* WHAT THE TASK ASKS
Each line below must be set down exactly; omit any image you find.

· · · · · · ·

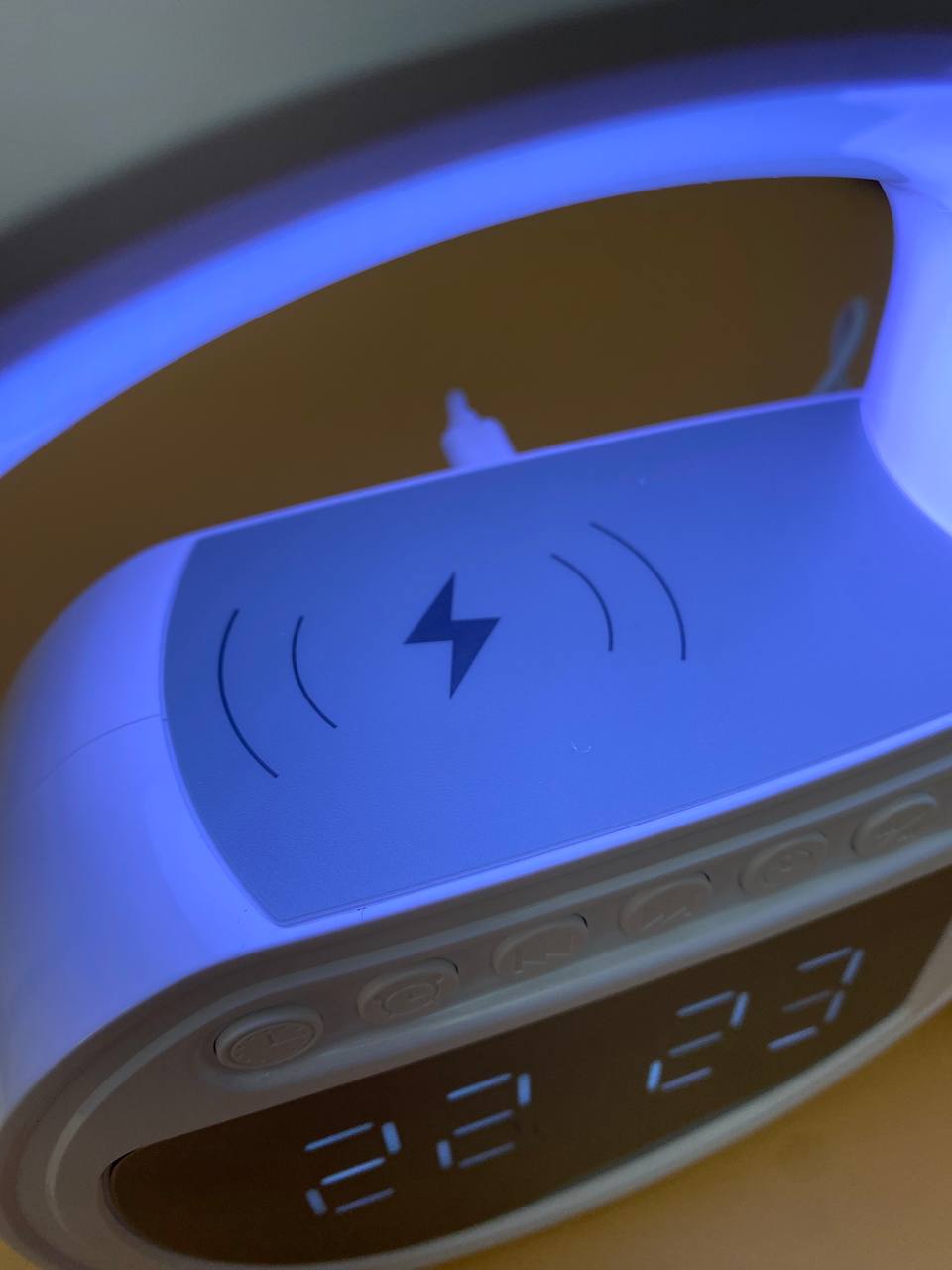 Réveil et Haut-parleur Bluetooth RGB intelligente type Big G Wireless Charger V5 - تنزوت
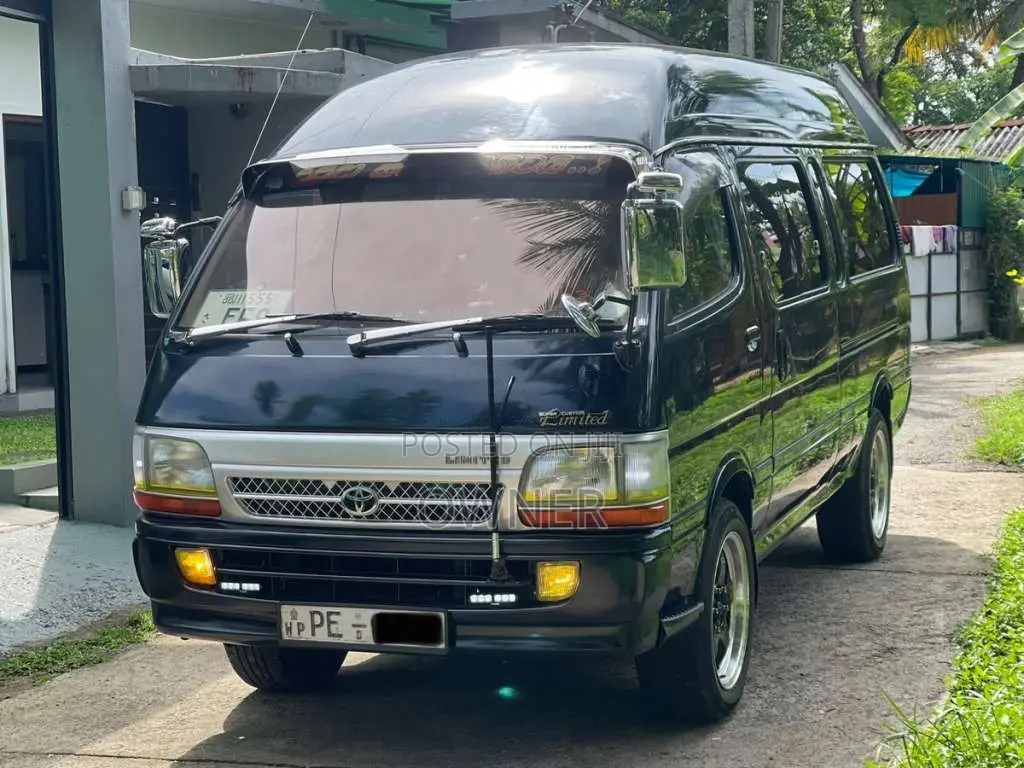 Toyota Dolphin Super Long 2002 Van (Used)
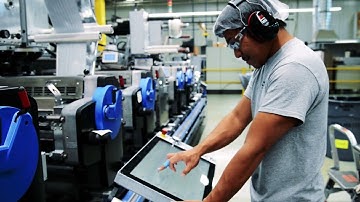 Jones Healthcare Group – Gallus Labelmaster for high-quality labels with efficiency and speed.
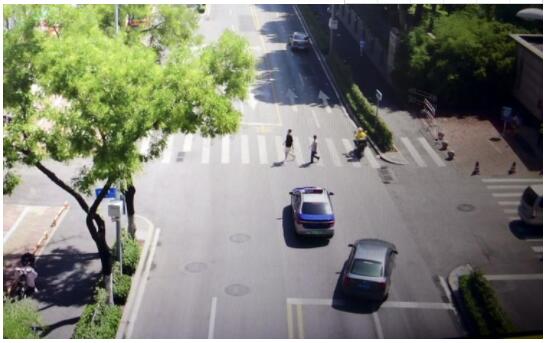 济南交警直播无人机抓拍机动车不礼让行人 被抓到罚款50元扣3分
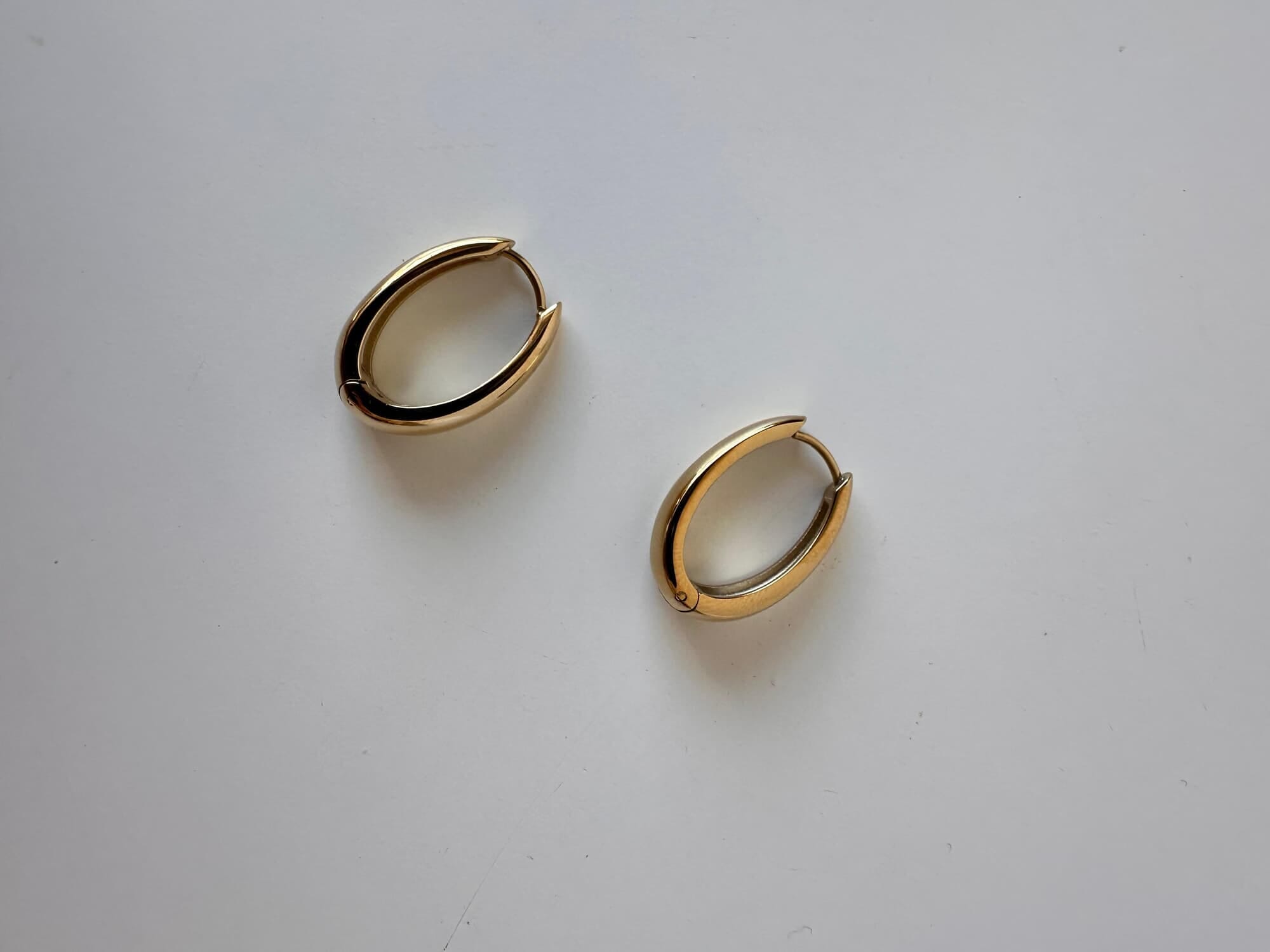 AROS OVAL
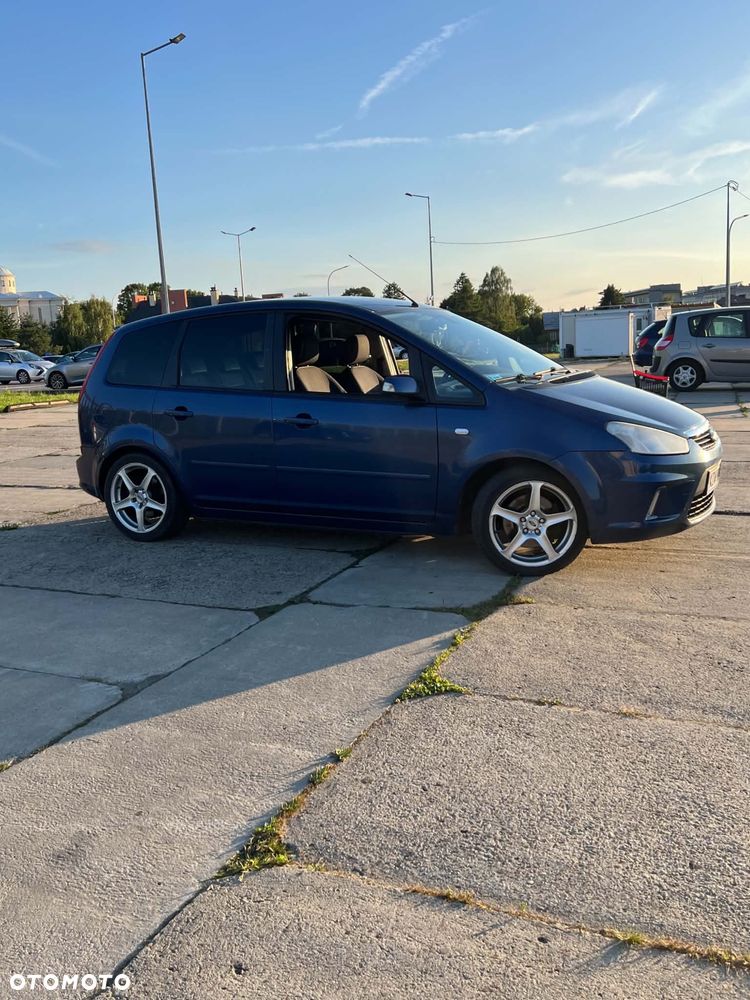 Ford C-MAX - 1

· · · · · · ·

* EXERCISE RESULT
 Réveil et Haut-parleur Bluetooth RGB intelligente type Big G Wireless Charger V5 - تنزوت
 Toyota Dolphin Super Long 2002 Van (Used)
 Jones Healthcare Group – Gallus Labelmaster for high-quality labels with efficiency and speed.
 济南交警直播无人机抓拍机动车不礼让行人 被抓到罚款50元扣3分
 AROS OVAL
 Ford C-MAX - 1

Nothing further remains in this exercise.